(Records drawn from a dataset)

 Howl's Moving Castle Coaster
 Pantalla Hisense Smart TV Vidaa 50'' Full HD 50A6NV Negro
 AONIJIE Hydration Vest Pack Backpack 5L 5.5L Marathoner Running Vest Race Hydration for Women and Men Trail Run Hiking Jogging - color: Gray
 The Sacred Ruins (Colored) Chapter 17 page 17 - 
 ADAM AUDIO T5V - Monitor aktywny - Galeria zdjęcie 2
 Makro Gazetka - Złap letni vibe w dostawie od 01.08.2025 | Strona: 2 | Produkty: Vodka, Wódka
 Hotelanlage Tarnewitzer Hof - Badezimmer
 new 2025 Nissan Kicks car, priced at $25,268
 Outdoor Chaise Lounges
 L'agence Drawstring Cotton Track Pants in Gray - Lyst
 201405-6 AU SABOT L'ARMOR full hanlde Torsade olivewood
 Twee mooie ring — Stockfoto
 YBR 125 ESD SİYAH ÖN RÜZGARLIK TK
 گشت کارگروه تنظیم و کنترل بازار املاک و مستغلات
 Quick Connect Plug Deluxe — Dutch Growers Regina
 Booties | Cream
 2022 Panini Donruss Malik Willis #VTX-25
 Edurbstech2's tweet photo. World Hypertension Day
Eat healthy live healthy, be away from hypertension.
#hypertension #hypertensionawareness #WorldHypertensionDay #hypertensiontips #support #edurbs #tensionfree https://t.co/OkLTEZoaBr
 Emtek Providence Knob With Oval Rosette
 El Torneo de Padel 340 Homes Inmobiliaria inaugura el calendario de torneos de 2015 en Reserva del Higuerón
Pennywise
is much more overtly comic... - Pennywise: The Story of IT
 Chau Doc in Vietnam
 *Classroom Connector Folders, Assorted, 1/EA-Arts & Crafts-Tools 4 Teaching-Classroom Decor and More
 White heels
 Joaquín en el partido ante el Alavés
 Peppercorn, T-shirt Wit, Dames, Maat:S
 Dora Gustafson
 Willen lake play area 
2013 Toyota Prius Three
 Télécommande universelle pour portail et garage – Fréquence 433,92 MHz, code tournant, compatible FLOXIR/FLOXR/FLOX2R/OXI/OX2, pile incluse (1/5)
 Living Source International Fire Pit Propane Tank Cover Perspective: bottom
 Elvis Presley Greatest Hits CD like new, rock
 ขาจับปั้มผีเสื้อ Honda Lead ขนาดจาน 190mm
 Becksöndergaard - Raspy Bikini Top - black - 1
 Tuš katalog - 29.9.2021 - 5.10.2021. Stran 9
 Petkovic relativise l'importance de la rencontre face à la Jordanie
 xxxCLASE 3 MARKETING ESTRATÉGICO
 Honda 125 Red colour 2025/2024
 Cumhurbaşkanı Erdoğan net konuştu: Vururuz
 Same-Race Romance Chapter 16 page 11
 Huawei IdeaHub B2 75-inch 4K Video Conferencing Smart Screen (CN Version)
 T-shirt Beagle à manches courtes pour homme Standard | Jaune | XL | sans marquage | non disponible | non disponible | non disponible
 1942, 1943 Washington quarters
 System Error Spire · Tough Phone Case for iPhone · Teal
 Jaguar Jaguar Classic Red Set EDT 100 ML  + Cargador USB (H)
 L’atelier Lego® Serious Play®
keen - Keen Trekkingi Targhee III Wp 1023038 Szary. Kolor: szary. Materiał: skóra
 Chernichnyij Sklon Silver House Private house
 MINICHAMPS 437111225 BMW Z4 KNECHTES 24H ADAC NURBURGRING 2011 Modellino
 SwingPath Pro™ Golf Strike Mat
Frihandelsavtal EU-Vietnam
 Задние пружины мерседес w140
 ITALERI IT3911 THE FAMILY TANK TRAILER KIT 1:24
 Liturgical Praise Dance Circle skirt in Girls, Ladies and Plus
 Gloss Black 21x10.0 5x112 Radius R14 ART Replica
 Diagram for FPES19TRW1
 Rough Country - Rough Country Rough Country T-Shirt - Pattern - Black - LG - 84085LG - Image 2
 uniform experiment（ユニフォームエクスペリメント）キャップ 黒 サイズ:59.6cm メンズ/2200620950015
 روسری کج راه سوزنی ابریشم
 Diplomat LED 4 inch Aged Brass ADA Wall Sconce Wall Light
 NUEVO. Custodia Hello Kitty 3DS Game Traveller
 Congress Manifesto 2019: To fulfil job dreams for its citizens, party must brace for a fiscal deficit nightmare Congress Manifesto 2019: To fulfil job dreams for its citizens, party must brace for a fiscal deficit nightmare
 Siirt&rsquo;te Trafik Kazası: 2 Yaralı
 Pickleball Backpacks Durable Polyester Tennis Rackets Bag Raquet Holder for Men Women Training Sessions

Brief => Look above for the line with "is much more" and the line with "NUEVO. Custodia Hello". Write out those two lines and all the lines between them, exactly, and no others.

Written answer =>
is much more overtly comic... - Pennywise: The Story of IT
 Chau Doc in Vietnam
 *Classroom Connector Folders, Assorted, 1/EA-Arts & Crafts-Tools 4 Teaching-Classroom Decor and More
 White heels
 Joaquín en el partido ante el Alavés
 Peppercorn, T-shirt Wit, Dames, Maat:S
 Dora Gustafson
 Willen lake play area 
2013 Toyota Prius Three
 Télécommande universelle pour portail et garage – Fréquence 433,92 MHz, code tournant, compatible FLOXIR/FLOXR/FLOX2R/OXI/OX2, pile incluse (1/5)
 Living Source International Fire Pit Propane Tank Cover Perspective: bottom
 Elvis Presley Greatest Hits CD like new, rock
 ขาจับปั้มผีเสื้อ Honda Lead ขนาดจาน 190mm
 Becksöndergaard - Raspy Bikini Top - black - 1
 Tuš katalog - 29.9.2021 - 5.10.2021. Stran 9
 Petkovic relativise l'importance de la rencontre face à la Jordanie
 xxxCLASE 3 MARKETING ESTRATÉGICO
 Honda 125 Red colour 2025/2024
 Cumhurbaşkanı Erdoğan net konuştu: Vururuz
 Same-Race Romance Chapter 16 page 11
 Huawei IdeaHub B2 75-inch 4K Video Conferencing Smart Screen (CN Version)
 T-shirt Beagle à manches courtes pour homme Standard | Jaune | XL | sans marquage | non disponible | non disponible | non disponible
 1942, 1943 Washington quarters
 System Error Spire · Tough Phone Case for iPhone · Teal
 Jaguar Jaguar Classic Red Set EDT 100 ML  + Cargador USB (H)
 L’atelier Lego® Serious Play®
keen - Keen Trekkingi Targhee III Wp 1023038 Szary. Kolor: szary. Materiał: skóra
 Chernichnyij Sklon Silver House Private house
 MINICHAMPS 437111225 BMW Z4 KNECHTES 24H ADAC NURBURGRING 2011 Modellino
 SwingPath Pro™ Golf Strike Mat
Frihandelsavtal EU-Vietnam
 Задние пружины мерседес w140
 ITALERI IT3911 THE FAMILY TANK TRAILER KIT 1:24
 Liturgical Praise Dance Circle skirt in Girls, Ladies and Plus
 Gloss Black 21x10.0 5x112 Radius R14 ART Replica
 Diagram for FPES19TRW1
 Rough Country - Rough Country Rough Country T-Shirt - Pattern - Black - LG - 84085LG - Image 2
 uniform experiment（ユニフォームエクスペリメント）キャップ 黒 サイズ:59.6cm メンズ/2200620950015
 روسری کج راه سوزنی ابریشم
 Diplomat LED 4 inch Aged Brass ADA Wall Sconce Wall Light
 NUEVO. Custodia Hello Kitty 3DS Game Traveller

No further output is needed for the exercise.